Whenever a recession hits, one of the worst affected groups is small business owners. With budgets restricted, people not only tend to buy less, but they also tend to take longer to pay, putting a squeeze on suppliers' cash flow. And, of course, as businesses wait to be paid, they are forced to delay payment to their own suppliers, so the impact of the economic downturn becomes magnified.

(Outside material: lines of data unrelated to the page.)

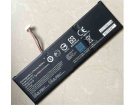 Gag-331 11.4V 6-cell Australia gigabyte notebook computer original battery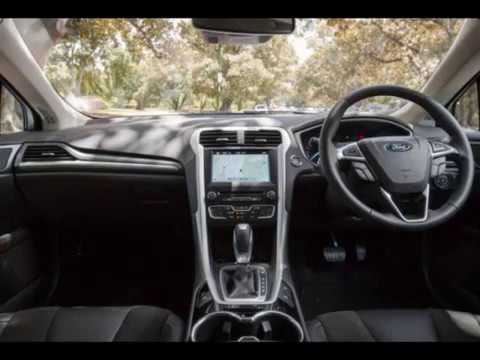 2017 Ford Mondeo Trend wagon review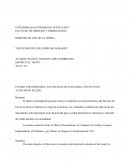 Antecedentes del derecho agrario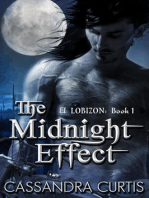 The Midnight Effect: El Lobizon (Latin Werewolves series), #1
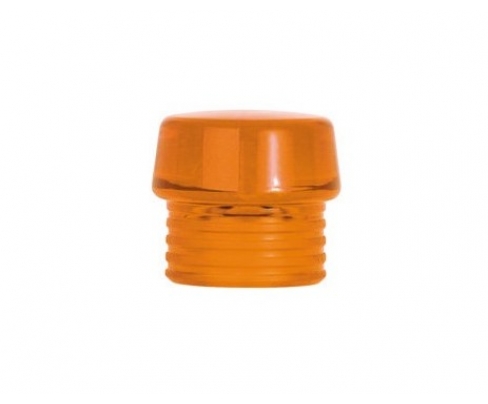 Головка оранжевая для молотка Wiha Safety 831-8 26620 из твердого ацетата целлюлозы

If you find your business in such a situation and are unable to borrow additional funds, it can be easy to get disheartened, but there are other ways to improve your cash flow and ride the recession out.

Budget carefully
The key to keeping cash flow healthy is careful budgeting. This means not only projecting income and expenditure at the start of the year, but also tracking transactions on a daily or weekly basis to ensure you remain in control of your finances and avoid overspending.
You should avoid building up large bills on account wherever possible as this will only delay the inevitable and have a worse impact on your cash flow further down the road. Plan and budget in advance for all large purchases and create a petty cash pot for sundries. Replenish the pot with a set amount each month and make a rule that if the pot is empty, staff must wait until the following month rather than dipping into other funds.

Limit risk
For many small businesses, the failure of a major client who declares bankruptcy with invoices outstanding could spell the end, so it is worth taking time to research a client's ability to pay before agreeing to fulfil an order. There are number of agencies that can provide information on business credit scores, while some business bank accounts include this service for free.

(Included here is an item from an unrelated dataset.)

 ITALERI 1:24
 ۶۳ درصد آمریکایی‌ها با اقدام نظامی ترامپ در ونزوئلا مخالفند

If you are particularly concerned about exposure to bad debt, it may be worth considering speaking to your insurance broker about credit insurance. This insures business against the losses incurred by bad debt and usually covers credit control and legal costs as part of your premium. However, insurers will not underwrite clients with poor credit histories, so if you are considering credit insurance, you should first weigh up the
The key to keeping cash flow healthy is careful budgeting
potential savings against the expense of putting a policy in place.

Get paid faster
Many businesses keep things simple by invoicing all of their clients at the end of the month, but if cash flow is poor, billing more regularly, or even immediately after an order is fulfilled, can be an effective way to free up funds.

If you are providing an annual service, you could also consider offering a payment plan which spreads the cost across throughout the year and helps both your business and your clients budget more effectively. This approach also reduces the potential loss should the client go bust later in the year.

Encourage prompt payment
If you are struggling to bridge the gap between billing and receiving funds, you could consider offering a discount for early settlement. This can be an effective way to improve cash flow, but the benefits of accessing the funds early should be weighed against the percentage you will lose as a result of the discount.

If late payments are becoming an issue, set up flags on your calendar or within your bookkeeping software to remind you to chase payments immediately when they become overdue. Many companies are simply deciding to hold back on making a payment until they are chased by suppliers, so a prompt phone call can make a world of difference.

Release funds via a third party
For businesses who have reached the point where they simply do not have the cash to continue trading, releasing funds via a third party can be a life preserver, but can prove very expensive.

Invoice factoring involves selling an invoice to a third party for a percentage of the true value (often 80%). This typically allows businesses to access funds within 48 hours, well before the invoice becomes outstanding. Similarly, purchase order financing allows you to secure funding from a third party against a purchase order. Again, however, there is a fee involved, so this option should generally only be considered if you are in a position where you would otherwise be unable to fulfil the order.

Ultimately, keeping cash flow healthy is always going to be a challenge for the majority of small enterprises in a recession, but the businesses that survive the economic downturn will be those that keep a close handle on budgeting and take every step possible to limit exposure to bad debt and encourage prompt payment for services and goods outstanding.